Valdes refers to his “painstaking, incisive work in dogmatic and moral theology.” A few sentences later he cites the “ridiculous, shameful, anti-scriptural practice of daily listening to the frailties of others” in the confessional. If he thinks confession is “anti-scriptural,” he has not read John 20:22-23 recently, nor has he read early Church history. Just how “painstaking” and “incisive” were his studies? 

He says a bishop gave him “the incredible, the deceitful, the false powers which the Roman Catholic Church pretends to give to men to delude others.” He refers to the “horrible confession box,” to his “absurd duties,” and to the “magic words of the consecration.” 

Can a real priest who has turned against the Church use words such as these? Sure–Bart Brewer does all the time, and he recommends Valdes’s ministry. We can imagine a priest (meaning now not a con man but someone who, for whatever strange reason, concludes he’s made a gigantic mistake in being a Catholic and, worse, a priest) turning against the Church of his upbringing with words similar to those in the tract. 

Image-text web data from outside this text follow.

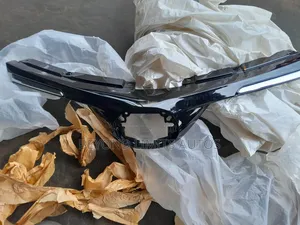 Toyota Rav4 2016,2017,2018,2019 Top Grille/Shell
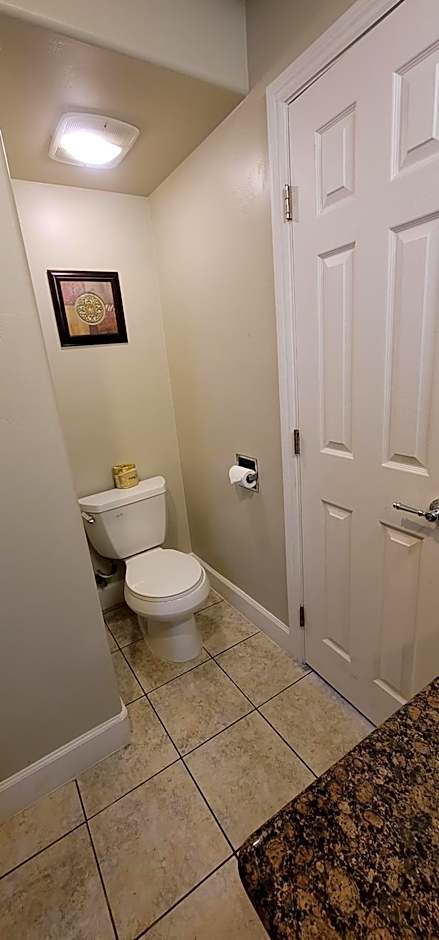 Beachwalker Inn & Suites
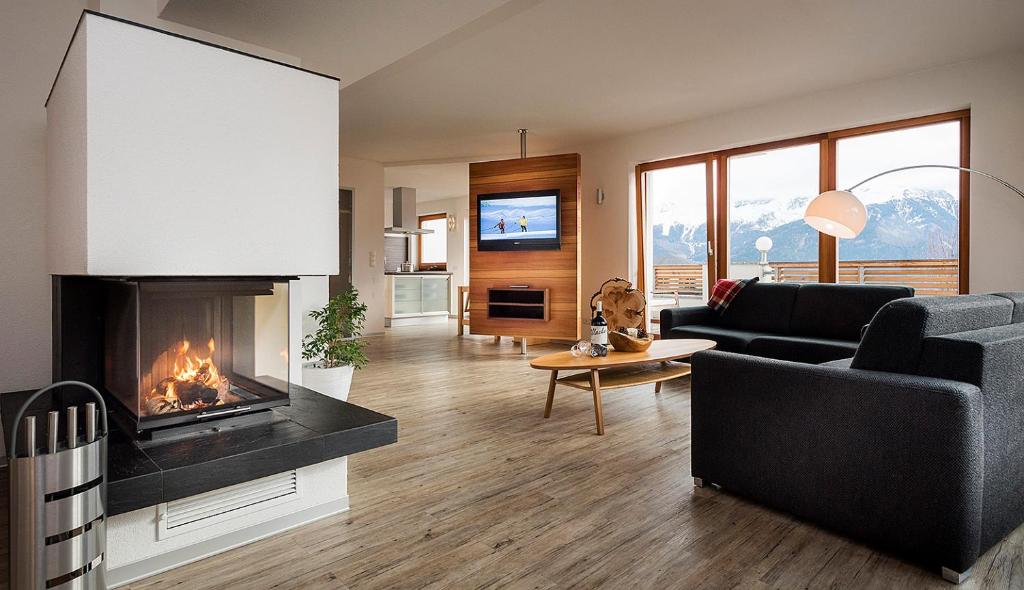 a living room with a couch and a fireplace at Bella Vista Apart in Fiss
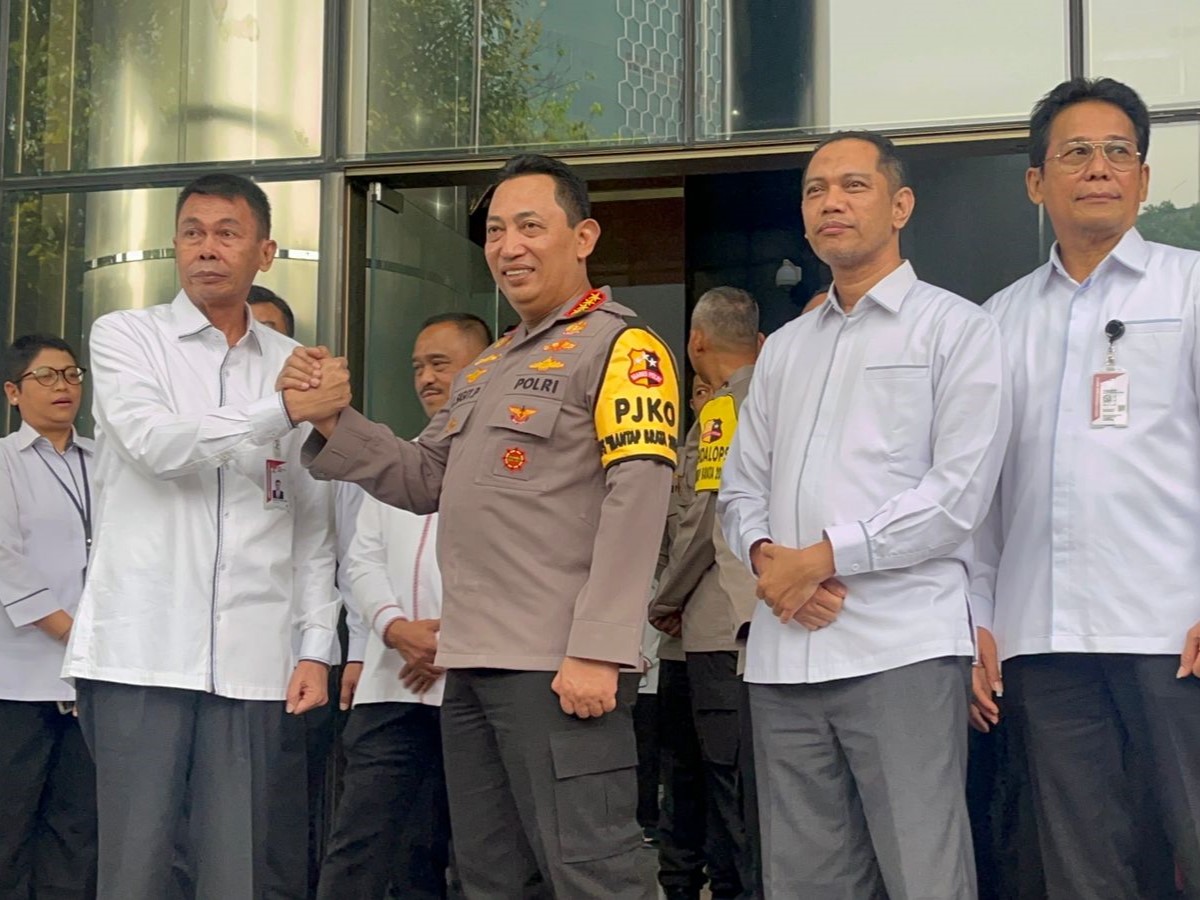 Kapolri Serahkan Penahanan Firli ke Penyidik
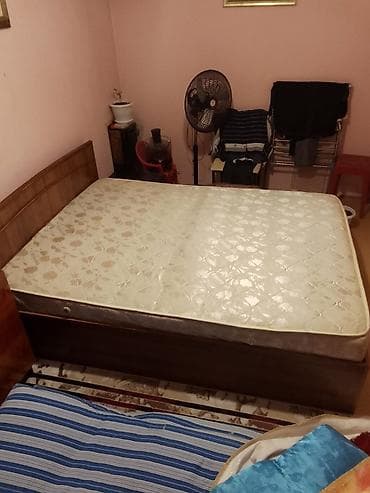 Çarpayılar: Кровать с базой в отличном состоянии 

- — 2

We can imagine such a thing, and such people may exist, but we’re justified, no doubt, in coming across a tract such as this in suspecting that there’s more here than meets the eye–certainly more than has been committed to paper. 


 

“Protestants are patronizing popery; they are making compromises and concessions which papists themselves are surprised to see. Men are closing their eyes to the real character of Romanism, and the dangers that result from her supremacy. People need to be aroused to resist this danger to civil and religious liberty.”

That’s one of many warnings in a new book called Why Protestants? Why Catholics? Published by IBE, Inc. of Jemison, Alabama, the book lists no author. It is a rehash of old-line Seventh-day Adventist claims, partly against Protestantism, but mainly against Catholicism.

Not so long ago the Seventh-day Adventist Church was officially anti-Catholic. Its publications read like Why Protestans? Why Catholics? and were filled with slanders against the Catholic faith, but the Adventist Church has mellowed; it no longer publishes most of the anti-Catholic literature it once did. 

That chore has been taken up by individual Adventists, such as the nameless folks at IBE, who have set up their own publishing houses to maintain the now-passe party line. These publishers may not have the sanction of their church leaders, but that doesn’t stop them. 

You can identify this literature by its anti-Catholicism and insistence on “Sabbath worship.” (The Catholic Church is attacked for shifting corporate worship from Saturday to Sunday–true, but not blameworthy.)